EMA3 and EMA4 act as trend filters. Their slopes (up or down) confirm overall momentum and help validate signals.
Each EMA has customizable lengths, sources, and colors for up/down trends.
This “EMA stack” is the foundation of the setup — a structured trend-following framework that adapts to market speed and volatility.
2. Momentum and Confirmation Filters
Each indicator can be individually enabled or disabled for flexibility.
RSI: confirms direction (above/below 50).
MACD: detects momentum crossover (MACD > Signal for bullish confirmation).
Stochastic: identifies trend continuation (K > D for longs, K < D for shorts).
CCI: adds trend bias above/below a threshold.
ATR Filter: filters out small, low-volatility candles to reduce noise.
You can activate only the filters that fit your trading plan — for instance, trend traders often use RSI and MACD, while scalpers may rely on Stochastic and ATR.
3. Reversal Detection
The indicator includes an optional Reversal Section that independently detects potential turning points.
It combines multiple configurable criteria:
Candlestick patterns (Bullish Hammer, Shooting Star).
Large Candle filter — detects unusually large bars (relative to close).
Price-to-EMA distance — identifies overextended moves that might revert.
RSI Divergence — detects potential momentum shifts.
RSI Overbought/Oversold zones (70/30 by default).
Doji Candles — sign of indecision.
A bullish or bearish reversal signal appears when enough selected criteria are met.
All sub-modules can be toggled on/off individually, giving you full control over sensitivity.
4. Signal Logic
Buy and sell signals are triggered when EMA alignment and the chosen confirmations agree:
Buy Signal
→ Price above EMA1 & EMA2
→ Confirmations (RSI/MACD/Stoch/CCI/ATR) pass
→ Trend filters (EMA3/EMA4) point upward
Sell Signal
→ Price below EMA1 & EMA2
→ Confirmations align bearishly
→ Trend filters (EMA3/EMA4) slope downward
Reversal signals can appear independently, even against the current EMA trend, depending on your settings.
5. Visual Dashboard
A mini-dashboard appears near the chart showing:
Current trade bias (LONG / SHORT / NEUTRAL)
EMA3 and EMA4 trend directions (↑ / ↓)
Quick visual bars (🟩 / 🟥) for each filter: RSI, MACD, Stoch, ATR, CCI, EMA filters
Reversal criteria status (Doji, RSI divergence, candle size, etc.)

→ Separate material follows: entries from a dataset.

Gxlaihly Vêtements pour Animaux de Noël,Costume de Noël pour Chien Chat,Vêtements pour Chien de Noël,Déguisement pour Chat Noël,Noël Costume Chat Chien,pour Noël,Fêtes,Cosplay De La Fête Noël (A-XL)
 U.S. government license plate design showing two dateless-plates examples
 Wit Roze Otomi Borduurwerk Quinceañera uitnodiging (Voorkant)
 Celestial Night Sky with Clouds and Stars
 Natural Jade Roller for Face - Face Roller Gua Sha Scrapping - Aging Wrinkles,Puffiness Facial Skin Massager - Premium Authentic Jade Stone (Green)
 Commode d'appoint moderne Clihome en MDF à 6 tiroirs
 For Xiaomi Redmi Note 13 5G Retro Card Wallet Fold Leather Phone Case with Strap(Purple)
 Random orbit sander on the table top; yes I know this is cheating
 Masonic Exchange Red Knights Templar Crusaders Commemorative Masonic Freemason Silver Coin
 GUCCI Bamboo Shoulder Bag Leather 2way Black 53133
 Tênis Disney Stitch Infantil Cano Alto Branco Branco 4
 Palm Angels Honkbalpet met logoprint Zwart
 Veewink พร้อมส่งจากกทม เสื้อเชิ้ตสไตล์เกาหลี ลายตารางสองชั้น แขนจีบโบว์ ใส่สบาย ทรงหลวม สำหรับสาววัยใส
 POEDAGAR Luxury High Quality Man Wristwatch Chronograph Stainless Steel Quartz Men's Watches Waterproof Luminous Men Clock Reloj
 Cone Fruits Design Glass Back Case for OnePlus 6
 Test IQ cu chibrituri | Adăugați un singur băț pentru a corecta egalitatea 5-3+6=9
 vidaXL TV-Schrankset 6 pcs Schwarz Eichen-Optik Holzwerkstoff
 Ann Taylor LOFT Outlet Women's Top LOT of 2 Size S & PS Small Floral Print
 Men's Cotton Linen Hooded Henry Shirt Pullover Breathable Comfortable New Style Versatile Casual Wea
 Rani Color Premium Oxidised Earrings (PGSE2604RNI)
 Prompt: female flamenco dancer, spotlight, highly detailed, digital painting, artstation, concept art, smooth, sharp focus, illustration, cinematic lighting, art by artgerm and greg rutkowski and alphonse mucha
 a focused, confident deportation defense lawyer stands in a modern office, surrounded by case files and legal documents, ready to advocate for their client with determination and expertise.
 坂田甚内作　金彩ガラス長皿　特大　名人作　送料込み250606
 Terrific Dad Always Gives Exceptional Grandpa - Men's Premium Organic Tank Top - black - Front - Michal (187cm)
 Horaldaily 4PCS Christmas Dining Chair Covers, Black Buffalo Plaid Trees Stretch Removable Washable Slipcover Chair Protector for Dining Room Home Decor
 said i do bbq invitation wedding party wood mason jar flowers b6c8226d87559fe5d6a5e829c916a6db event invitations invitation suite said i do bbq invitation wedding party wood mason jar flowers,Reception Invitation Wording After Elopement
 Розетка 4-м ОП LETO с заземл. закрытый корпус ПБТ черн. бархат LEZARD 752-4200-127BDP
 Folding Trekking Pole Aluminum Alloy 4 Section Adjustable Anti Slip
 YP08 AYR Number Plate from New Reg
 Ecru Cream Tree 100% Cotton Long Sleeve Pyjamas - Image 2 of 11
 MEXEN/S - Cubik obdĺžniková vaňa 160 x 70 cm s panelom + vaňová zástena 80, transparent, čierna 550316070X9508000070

This panel gives you a compact overview of all indicator states at a glance.
The color of the panel changes dynamically — green for bullish, red for bearish, gray for neutral.
6. Alerts
Built-in alerts allow automation or notifications:
Buy Alert
Sell Alert
Reversal Buy
Reversal Sell
You can connect these alerts to TradingView notifications or external bots for semi-automated execution.
💡 How to Use
✅ Trend-Following Setup
Focus on trades in the direction of EMA1 & EMA2.
Confirm with EMA3 & EMA4 trending in the same direction.
Use RSI/MACD/Stoch filters to ensure momentum supports the trade.
Avoid entries when ATR filter indicates low volatility.
🔄 Reversal Setup
Enable the Reversal section for potential tops/bottoms.
Look for reversal buy signals near support zones or after strong downtrends.
Use RSI divergence or Doji + Hammer signals as confirmation.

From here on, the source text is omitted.